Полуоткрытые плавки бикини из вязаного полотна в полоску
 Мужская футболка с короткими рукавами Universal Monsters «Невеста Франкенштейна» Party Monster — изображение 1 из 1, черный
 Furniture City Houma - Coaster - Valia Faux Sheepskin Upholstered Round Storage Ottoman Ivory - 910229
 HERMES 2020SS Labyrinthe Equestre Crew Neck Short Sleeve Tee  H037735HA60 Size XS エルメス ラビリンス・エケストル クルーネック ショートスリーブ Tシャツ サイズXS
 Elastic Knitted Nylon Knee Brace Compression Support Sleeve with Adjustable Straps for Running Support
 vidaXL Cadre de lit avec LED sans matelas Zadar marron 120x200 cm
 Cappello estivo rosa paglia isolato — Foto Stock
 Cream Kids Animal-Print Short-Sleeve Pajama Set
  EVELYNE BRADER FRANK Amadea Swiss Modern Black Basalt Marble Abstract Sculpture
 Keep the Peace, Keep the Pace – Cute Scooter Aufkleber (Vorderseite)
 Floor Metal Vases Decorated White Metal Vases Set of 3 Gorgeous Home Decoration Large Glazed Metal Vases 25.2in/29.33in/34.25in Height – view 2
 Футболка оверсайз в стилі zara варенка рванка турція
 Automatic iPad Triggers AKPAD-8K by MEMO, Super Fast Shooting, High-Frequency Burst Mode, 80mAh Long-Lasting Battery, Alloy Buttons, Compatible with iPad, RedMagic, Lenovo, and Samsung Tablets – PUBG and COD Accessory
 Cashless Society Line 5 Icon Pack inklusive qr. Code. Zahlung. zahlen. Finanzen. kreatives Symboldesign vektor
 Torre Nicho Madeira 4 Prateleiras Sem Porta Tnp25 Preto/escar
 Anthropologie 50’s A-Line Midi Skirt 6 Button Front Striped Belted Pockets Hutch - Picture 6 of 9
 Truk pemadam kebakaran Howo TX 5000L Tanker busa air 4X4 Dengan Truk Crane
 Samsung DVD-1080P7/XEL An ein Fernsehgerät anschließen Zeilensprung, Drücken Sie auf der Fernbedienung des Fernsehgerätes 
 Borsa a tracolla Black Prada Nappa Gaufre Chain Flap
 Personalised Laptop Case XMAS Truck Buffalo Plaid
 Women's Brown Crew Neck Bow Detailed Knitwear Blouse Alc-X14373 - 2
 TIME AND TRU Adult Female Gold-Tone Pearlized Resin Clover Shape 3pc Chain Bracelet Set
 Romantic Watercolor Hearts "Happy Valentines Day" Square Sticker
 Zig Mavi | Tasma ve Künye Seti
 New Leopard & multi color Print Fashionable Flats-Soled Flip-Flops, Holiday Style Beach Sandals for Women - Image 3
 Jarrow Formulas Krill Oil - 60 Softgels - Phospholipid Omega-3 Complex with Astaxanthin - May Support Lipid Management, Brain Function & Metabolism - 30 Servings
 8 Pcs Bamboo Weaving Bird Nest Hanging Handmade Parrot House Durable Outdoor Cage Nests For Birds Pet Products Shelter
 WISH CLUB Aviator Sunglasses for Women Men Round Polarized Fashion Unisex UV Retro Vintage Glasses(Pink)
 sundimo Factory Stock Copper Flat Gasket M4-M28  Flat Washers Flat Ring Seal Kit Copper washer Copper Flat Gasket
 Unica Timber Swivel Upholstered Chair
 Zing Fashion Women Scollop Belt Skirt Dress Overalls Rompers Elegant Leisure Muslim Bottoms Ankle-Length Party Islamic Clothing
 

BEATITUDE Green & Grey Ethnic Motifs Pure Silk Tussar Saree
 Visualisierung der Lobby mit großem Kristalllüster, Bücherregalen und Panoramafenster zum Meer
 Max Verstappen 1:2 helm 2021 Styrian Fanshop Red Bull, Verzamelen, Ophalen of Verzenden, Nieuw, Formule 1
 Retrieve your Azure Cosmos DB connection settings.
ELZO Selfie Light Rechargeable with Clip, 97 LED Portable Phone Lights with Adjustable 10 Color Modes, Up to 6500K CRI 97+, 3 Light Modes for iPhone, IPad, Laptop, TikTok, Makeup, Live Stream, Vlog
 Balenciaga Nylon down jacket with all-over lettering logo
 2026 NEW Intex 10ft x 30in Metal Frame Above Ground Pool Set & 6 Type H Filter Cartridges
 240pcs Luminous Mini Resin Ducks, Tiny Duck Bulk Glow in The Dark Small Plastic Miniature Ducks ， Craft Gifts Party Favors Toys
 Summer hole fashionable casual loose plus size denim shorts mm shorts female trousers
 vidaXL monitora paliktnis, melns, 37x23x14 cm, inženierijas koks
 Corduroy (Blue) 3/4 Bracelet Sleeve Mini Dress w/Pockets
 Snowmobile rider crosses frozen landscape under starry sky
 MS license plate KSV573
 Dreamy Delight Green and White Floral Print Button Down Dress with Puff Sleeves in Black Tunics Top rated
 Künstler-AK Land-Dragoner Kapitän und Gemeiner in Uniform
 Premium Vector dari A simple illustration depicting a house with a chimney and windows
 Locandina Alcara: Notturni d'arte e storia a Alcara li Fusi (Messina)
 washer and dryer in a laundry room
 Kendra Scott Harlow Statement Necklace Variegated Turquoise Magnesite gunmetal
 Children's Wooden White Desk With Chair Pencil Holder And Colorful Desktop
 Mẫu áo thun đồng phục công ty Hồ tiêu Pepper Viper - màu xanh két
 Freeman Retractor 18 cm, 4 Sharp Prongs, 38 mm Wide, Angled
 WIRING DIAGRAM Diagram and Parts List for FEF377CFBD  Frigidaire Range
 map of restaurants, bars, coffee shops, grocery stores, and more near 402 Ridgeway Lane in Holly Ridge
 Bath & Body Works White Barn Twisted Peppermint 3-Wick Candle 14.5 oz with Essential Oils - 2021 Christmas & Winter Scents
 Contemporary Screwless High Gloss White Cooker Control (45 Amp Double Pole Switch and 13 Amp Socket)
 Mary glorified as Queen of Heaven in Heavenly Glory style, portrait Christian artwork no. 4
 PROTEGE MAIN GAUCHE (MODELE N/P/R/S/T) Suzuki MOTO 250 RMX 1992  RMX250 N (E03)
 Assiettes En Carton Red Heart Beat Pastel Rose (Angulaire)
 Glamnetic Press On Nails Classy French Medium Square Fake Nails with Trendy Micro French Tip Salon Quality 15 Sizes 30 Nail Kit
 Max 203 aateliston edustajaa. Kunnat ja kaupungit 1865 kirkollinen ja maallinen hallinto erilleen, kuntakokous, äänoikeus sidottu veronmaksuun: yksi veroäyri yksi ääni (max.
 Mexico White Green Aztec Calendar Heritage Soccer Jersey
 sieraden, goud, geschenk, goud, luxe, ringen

----------------------------------------

EXERCISE PROMPT — Your task is to restate, word for word, only those lines above that fall between the line holding "EVELYNE BRADER FRANK" and the line holding "New Leopard &", inclusive.

ANSWER BOX —
  EVELYNE BRADER FRANK Amadea Swiss Modern Black Basalt Marble Abstract Sculpture
 Keep the Peace, Keep the Pace – Cute Scooter Aufkleber (Vorderseite)
 Floor Metal Vases Decorated White Metal Vases Set of 3 Gorgeous Home Decoration Large Glazed Metal Vases 25.2in/29.33in/34.25in Height – view 2
 Футболка оверсайз в стилі zara варенка рванка турція
 Automatic iPad Triggers AKPAD-8K by MEMO, Super Fast Shooting, High-Frequency Burst Mode, 80mAh Long-Lasting Battery, Alloy Buttons, Compatible with iPad, RedMagic, Lenovo, and Samsung Tablets – PUBG and COD Accessory
 Cashless Society Line 5 Icon Pack inklusive qr. Code. Zahlung. zahlen. Finanzen. kreatives Symboldesign vektor
 Torre Nicho Madeira 4 Prateleiras Sem Porta Tnp25 Preto/escar
 Anthropologie 50’s A-Line Midi Skirt 6 Button Front Striped Belted Pockets Hutch - Picture 6 of 9
 Truk pemadam kebakaran Howo TX 5000L Tanker busa air 4X4 Dengan Truk Crane
 Samsung DVD-1080P7/XEL An ein Fernsehgerät anschließen Zeilensprung, Drücken Sie auf der Fernbedienung des Fernsehgerätes 
 Borsa a tracolla Black Prada Nappa Gaufre Chain Flap
 Personalised Laptop Case XMAS Truck Buffalo Plaid
 Women's Brown Crew Neck Bow Detailed Knitwear Blouse Alc-X14373 - 2
 TIME AND TRU Adult Female Gold-Tone Pearlized Resin Clover Shape 3pc Chain Bracelet Set
 Romantic Watercolor Hearts "Happy Valentines Day" Square Sticker
 Zig Mavi | Tasma ve Künye Seti
 New Leopard & multi color Print Fashionable Flats-Soled Flip-Flops, Holiday Style Beach Sandals for Women - Image 3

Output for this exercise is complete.